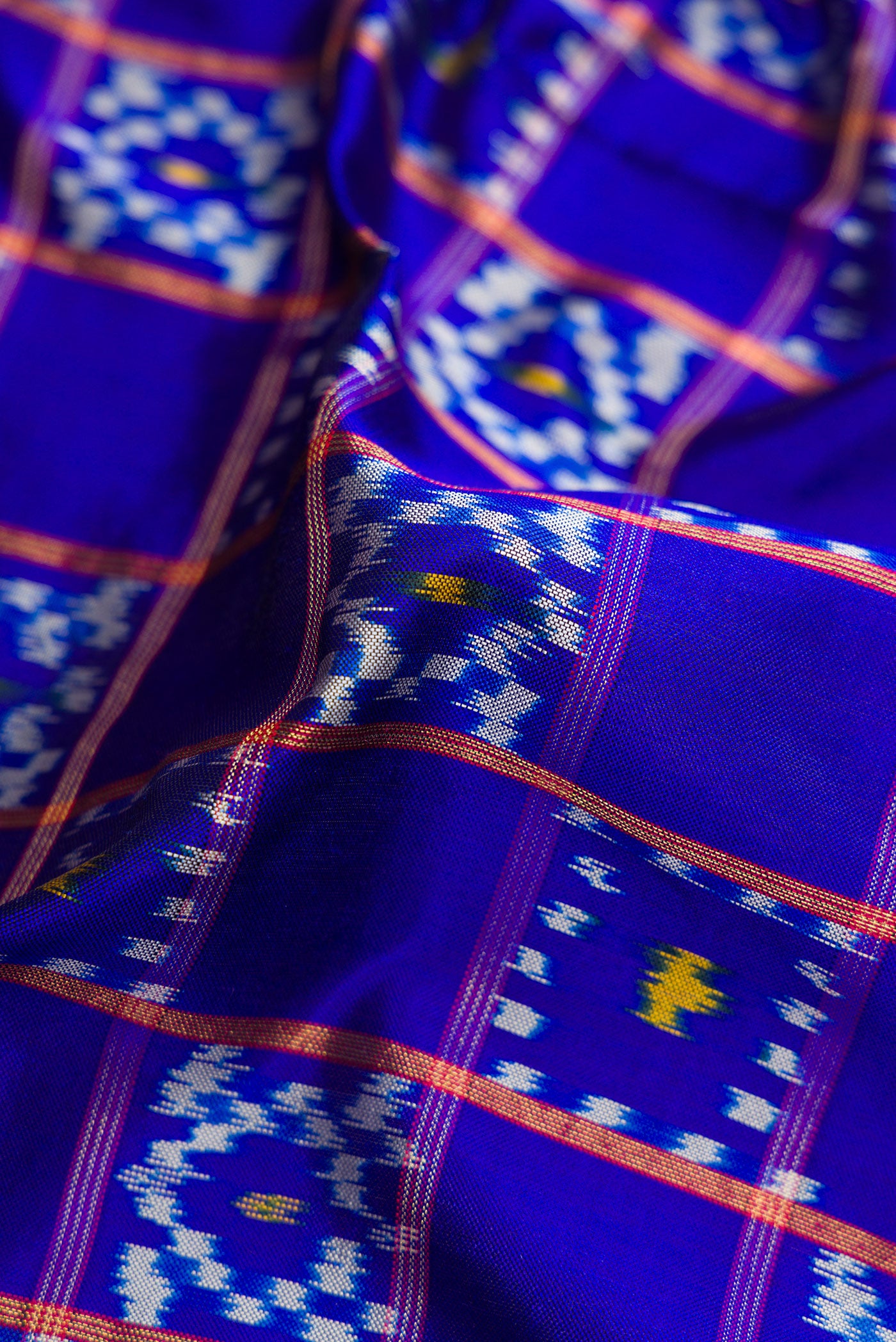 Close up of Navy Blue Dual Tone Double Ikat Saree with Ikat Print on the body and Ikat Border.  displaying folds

---

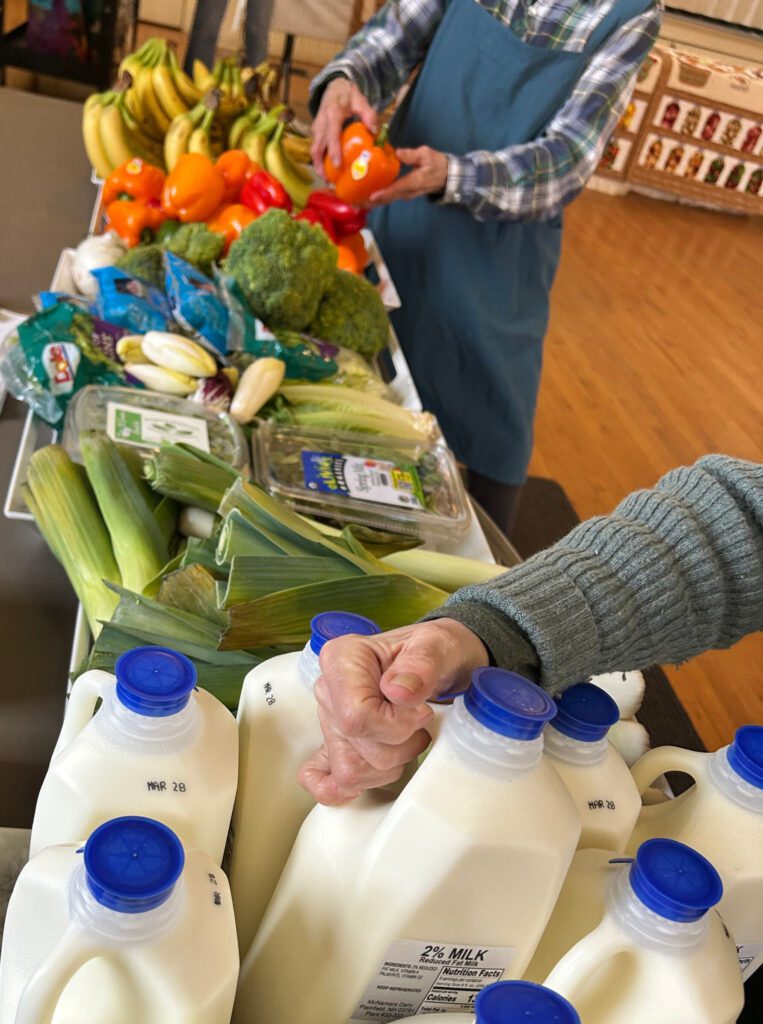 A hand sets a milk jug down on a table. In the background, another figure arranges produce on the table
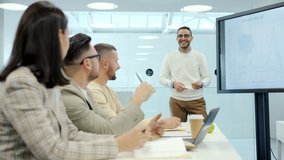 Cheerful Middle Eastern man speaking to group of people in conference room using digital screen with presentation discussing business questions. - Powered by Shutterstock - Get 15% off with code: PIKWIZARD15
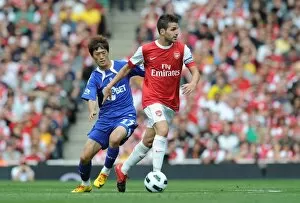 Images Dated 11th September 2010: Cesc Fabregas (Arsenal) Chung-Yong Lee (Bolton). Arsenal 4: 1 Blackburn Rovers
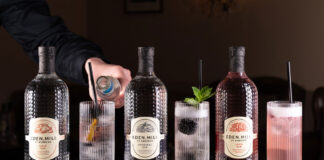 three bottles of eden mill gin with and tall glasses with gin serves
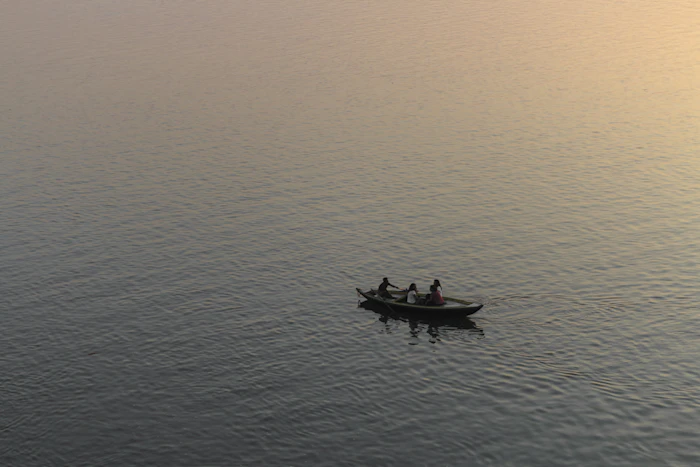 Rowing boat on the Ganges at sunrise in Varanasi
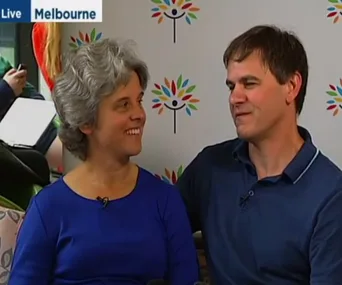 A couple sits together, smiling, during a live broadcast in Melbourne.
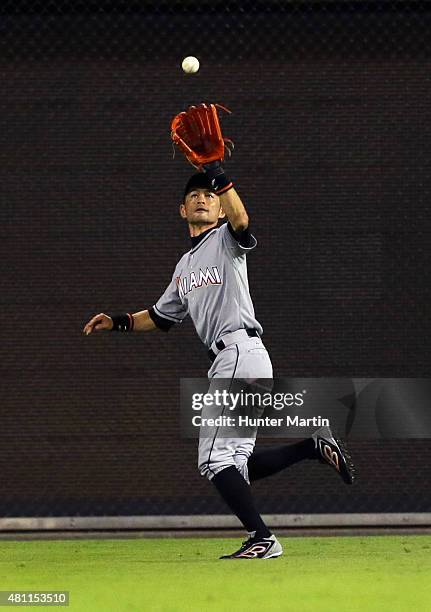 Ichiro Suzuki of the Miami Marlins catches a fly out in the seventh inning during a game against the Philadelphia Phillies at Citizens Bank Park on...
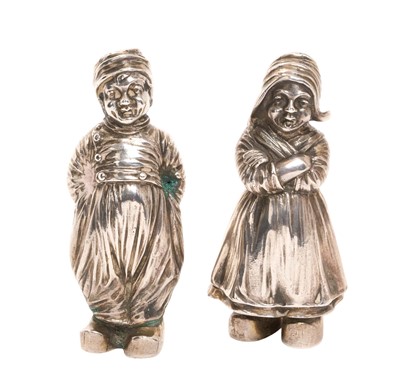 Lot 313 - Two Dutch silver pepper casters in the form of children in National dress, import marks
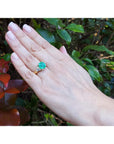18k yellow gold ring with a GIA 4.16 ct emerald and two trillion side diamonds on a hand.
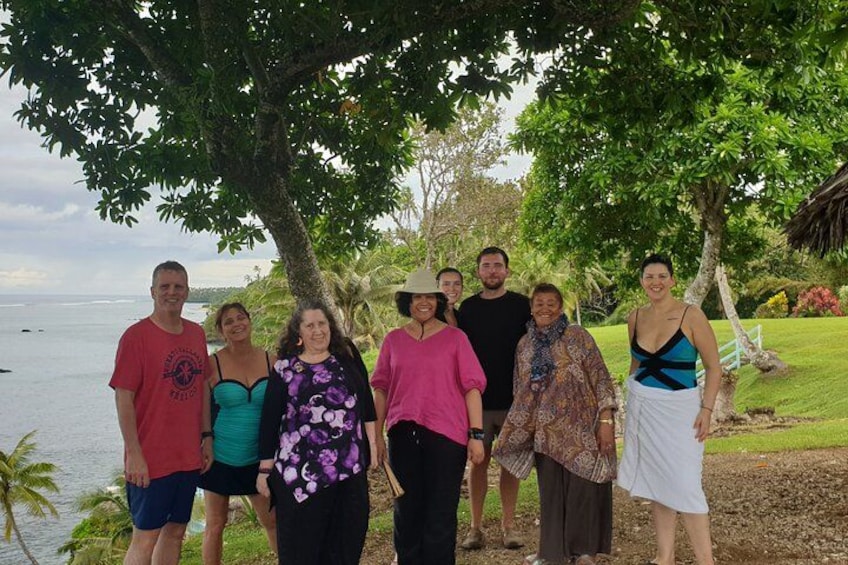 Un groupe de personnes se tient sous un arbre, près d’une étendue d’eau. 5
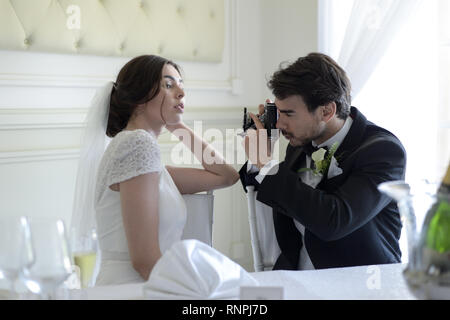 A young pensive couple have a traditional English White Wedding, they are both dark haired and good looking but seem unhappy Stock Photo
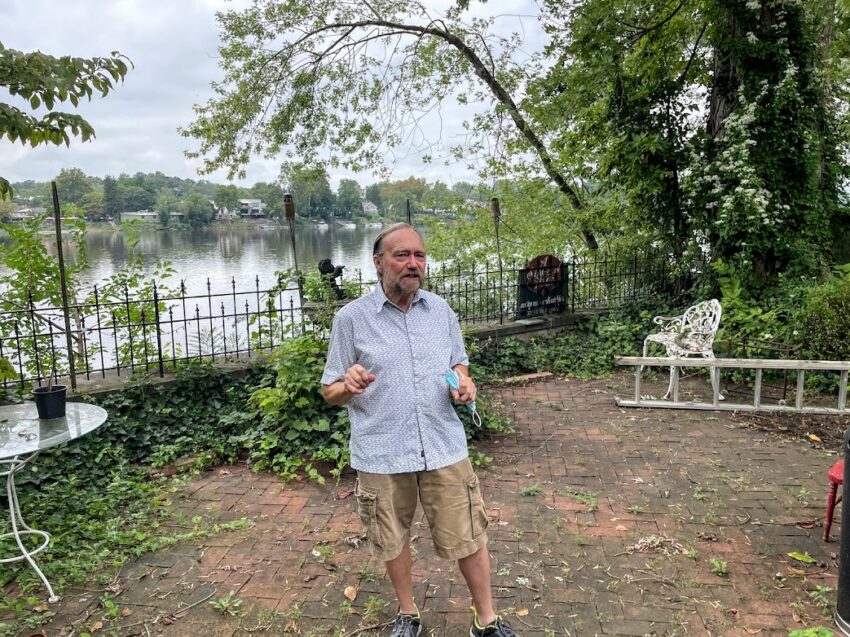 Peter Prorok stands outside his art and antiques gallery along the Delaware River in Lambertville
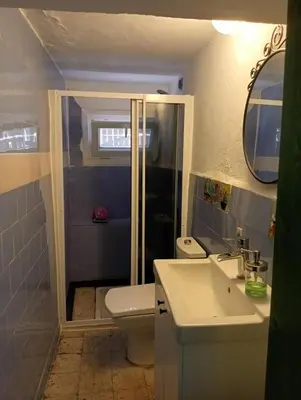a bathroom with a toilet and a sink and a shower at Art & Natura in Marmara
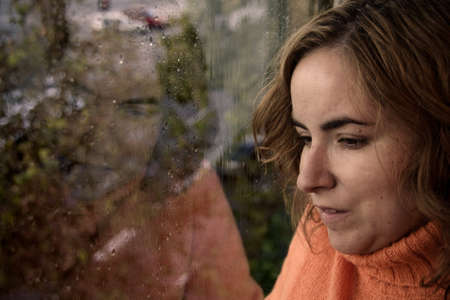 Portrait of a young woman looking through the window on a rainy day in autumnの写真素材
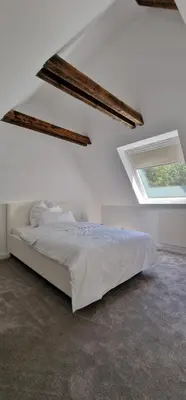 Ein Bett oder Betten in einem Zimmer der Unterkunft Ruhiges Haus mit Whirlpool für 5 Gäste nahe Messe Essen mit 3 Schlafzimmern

Your instructions –
Within the listing above, find the line containing "A young pensive" and the line containing "Ein Bett oder". Transcribe them and everything between them exactly, leaving out the pictures.

Written reply –
 A young pensive couple have a traditional English White Wedding, they are both dark haired and good looking but seem unhappy Stock Photo
 Peter Prorok stands outside his art and antiques gallery along the Delaware River in Lambertville
a bathroom with a toilet and a sink and a shower at Art & Natura in Marmara
 Portrait of a young woman looking through the window on a rainy day in autumnの写真素材
 Ein Bett oder Betten in einem Zimmer der Unterkunft Ruhiges Haus mit Whirlpool für 5 Gäste nahe Messe Essen mit 3 Schlafzimmern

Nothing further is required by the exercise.